Birding at Pune University
There was a pleasant nip in the air as I entered the univ gates one late January morning, with hopes of seeing the last few winter migrants.
Accompanied by a friend we strolled along the left road fork. We stopped at the physics dept. building. There was a lot of small bird activity visible. A redstart female sat on a fence, her tail shivering in the typical style of these birds. Several red-throated flycatchers hopped along the branches of an old tree. I did manage to catch a male, its red throat prominently visible.
A metallic ‘ttrr ttrr’ made me whirl around. There was this cheeky fellow in blue with white belly, and orange spreading down from the throat. It was a Tickell’s Blue Flycatcher. This one was coolly perched on the handlebars of a bicycle!
We continued our walk and soon reached what looks like a quarry, with a derelict stone building at its centre.

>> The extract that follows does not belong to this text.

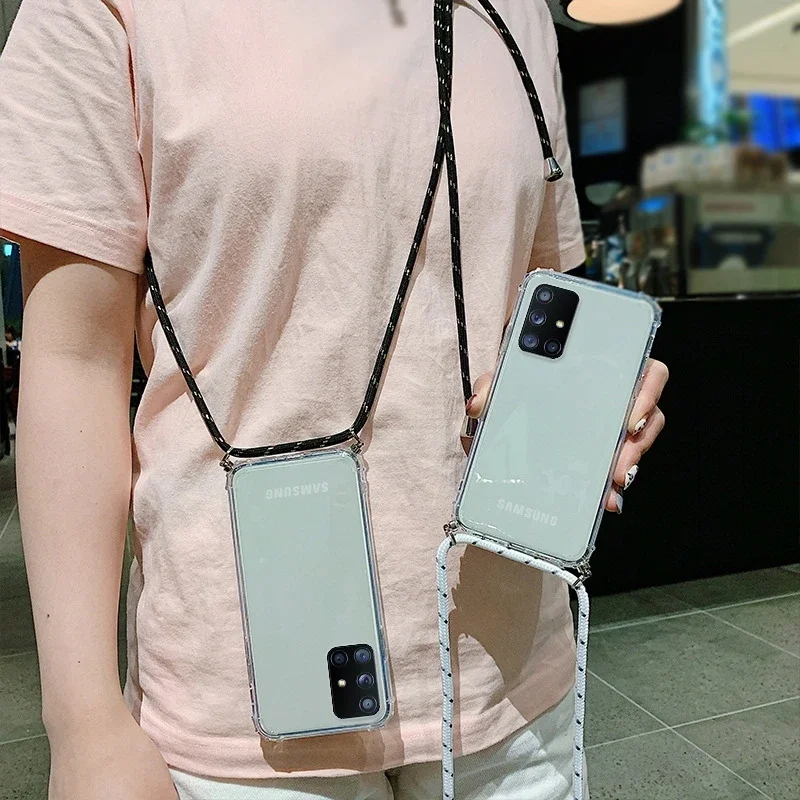 Crossbody Náhrdelník puzdro pre Huawei Honor 70 60 50 P50 P30 P30 Pro Lite Nova 5T 7i Mate 30 puzdrové lano Lanyard Ramer Raep Strap Cover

In the rains, water collects in this place, which makes an excellent habitat for birds such as the white throated kingfisher, white breasted water hen, pond herons and such.

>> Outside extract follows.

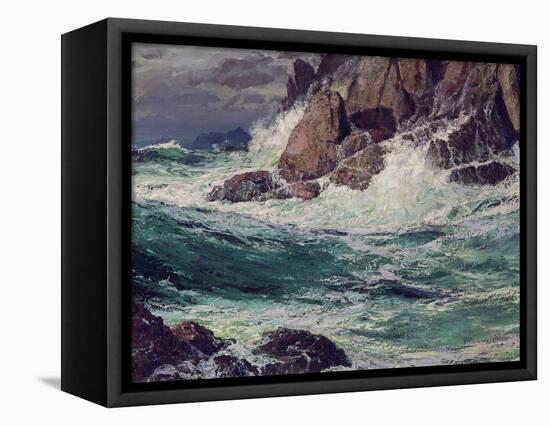 Stormy Seas, 1923-Edward Henry Potthast-Framed Premier Image Canvas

Suddenly a flock of birds landed on trees nearby, with cries of ‘tui tui’. These were the plum headed parakeets. The male has a beautiful plum red head; the female is somewhat duller.
Up on a tree two coppersmith barbets had landed. One picked something into its beak from a clump of leaves, and fed it to the other barbet, which appeared to be a juvenile.
From this point we kept walking along the left fork that leads to the football ground. Before the ground, there is a scrub patch on the left, with acacia, glyricidia trees, and dry grass. As we moved into this, a flock of small birds camouflaged till now, hurriedly flew up and to the trees. Sparrows!
We were soon rewarded with sightings of a Long Tailed Shrike, Little Brown Dove, Greater Coucal, Common Babblers, Black Drongos, and Hoopoes (one sat on a tree and preened itself!). Purple Sunbirds- male, female and eclipsed male – were visible, buzzing around a dry tree with seed pods.
Our few spare hours were over, and did not allow us to explore other areas, especially the clump of banyan trees that usually host Grey Hornbills.